Trump was the strong man. He crushed anything in his way. He never backed down, never gave up, never admitted defeat. He encouraged thousands of his supporters to storm the Capitol and stop the government from certifying Biden as president. The rule of law was for sissies. His will was all that mattered. And when Kevin McCarthy, the Republican Minority Leader in the House, called Trump and asked him to call off his thugs, Trump said, “Well, Kevin, I guess these people are more upset about the election than you are.”
Was Long upset about the election? As a fiercely fanatical white evangelical, one can assume he was anti-choice and a Trump supporter. As a Georgian, he must have felt that his state was turning its back on Jesus—electing Biden over Trump and then electing two Democratic senators. Was this part of the trauma pushing him over the edge?

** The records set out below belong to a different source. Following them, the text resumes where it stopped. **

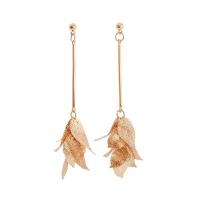 Zinc Alloy Drop Earring, Leaf, plated, for woman 82*21mm 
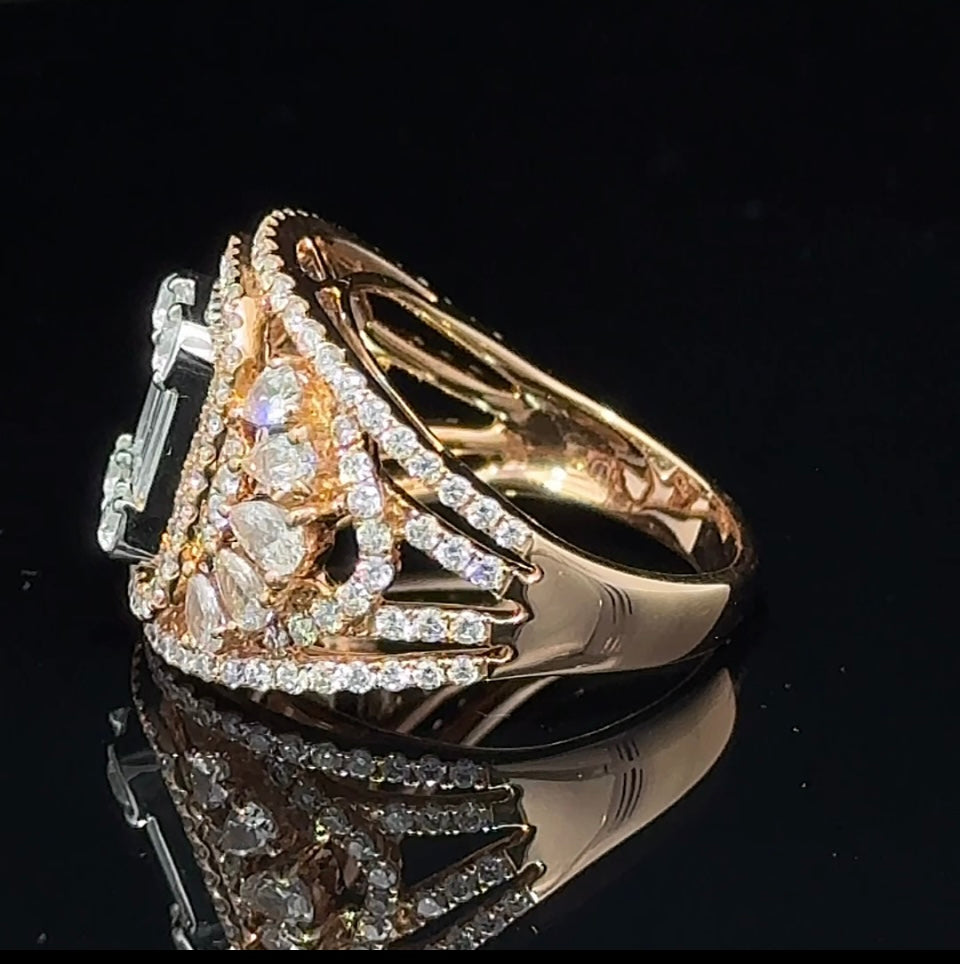 18k Rose Gold and Diamond Ring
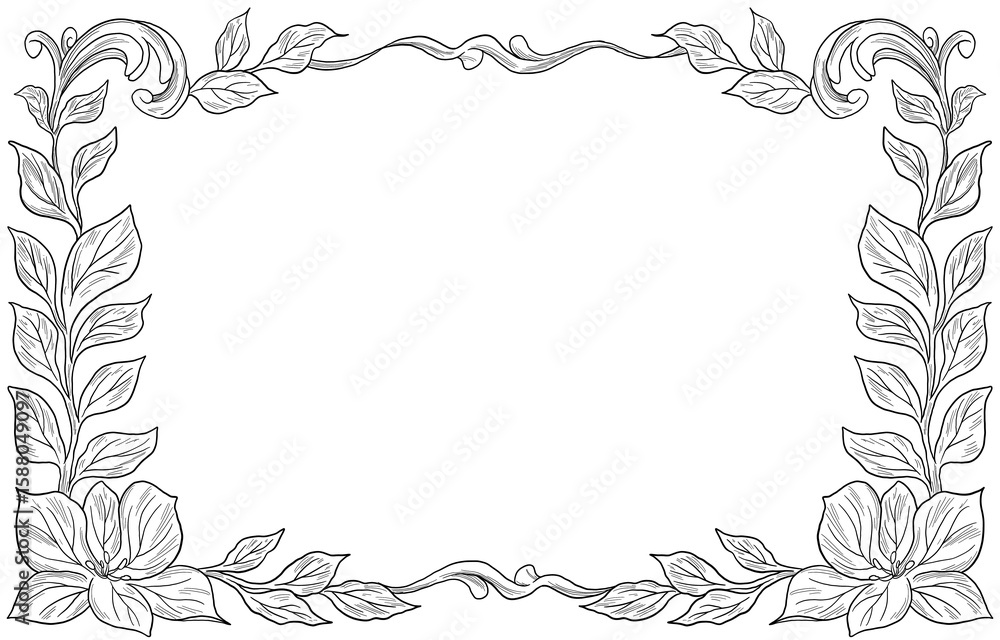 Obraz premium engraving vintage style, floral border and frame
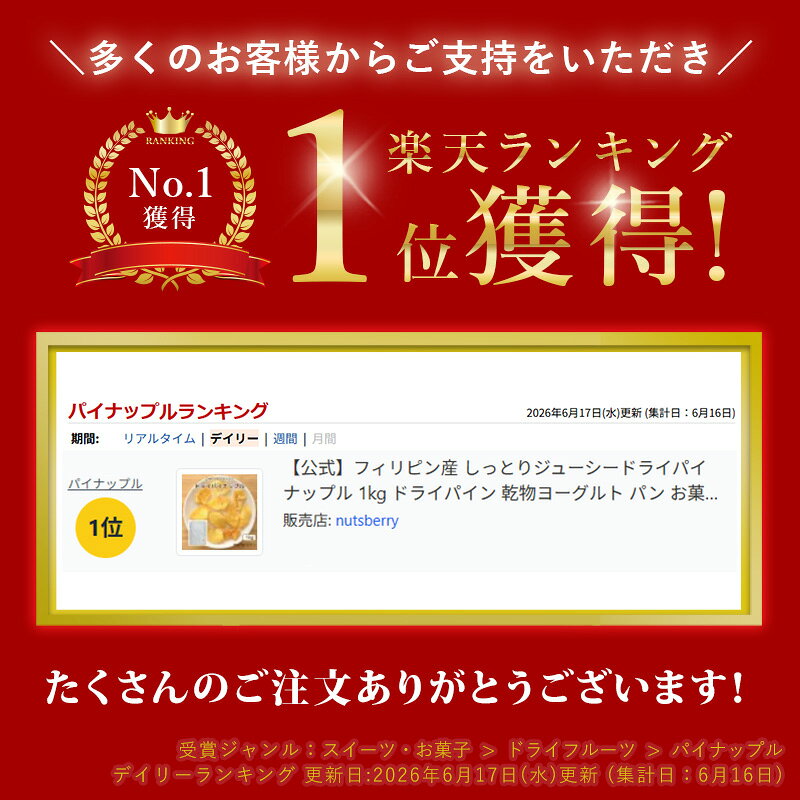 【9/30限定！ポイント3倍】 【公式】フィリピン産 しっとりジューシードライパイナップル 1kg ドライパイン 乾物ヨーグルト パン お菓子作り ヨーグルト nutsberry ナッツベリー 大容量 業務用 ドライフルーツ nutsberry-10000020 nutsberry サンプル画像2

Did politics play any role in Alissa’s act of horror? Did he drive from Arvada to Boulder just because Boulder is a bastion of liberalism, and he was going to teach those elitists a lesson? There’s a copycat quality to Alissa’s act. On the same day Long committed his mass murders, Alissa purchased a Ruger AR-556 machine gun pistol.
Clearly, we have to change our gun laws. Weapons of war and mass murder must be immediately banned. They have no place in a civilized society. America, with 4% of the world’s population, owns half of the civilian-owned guns. We have eight times the number of deaths as a result of gun violence as Canada and a hundred times more deaths than Britain. Forty thousand American lives are lost every year from gun violence.
But we also have to change the way we think of ourselves as a community. It can’t be dog-eat-dog any more. Capitalism has to become more humane and less aggressive and predatory. It can’t be a zero-sum game—where there’s only enough pie for one of us and the other one starves. There’s enough for everyone.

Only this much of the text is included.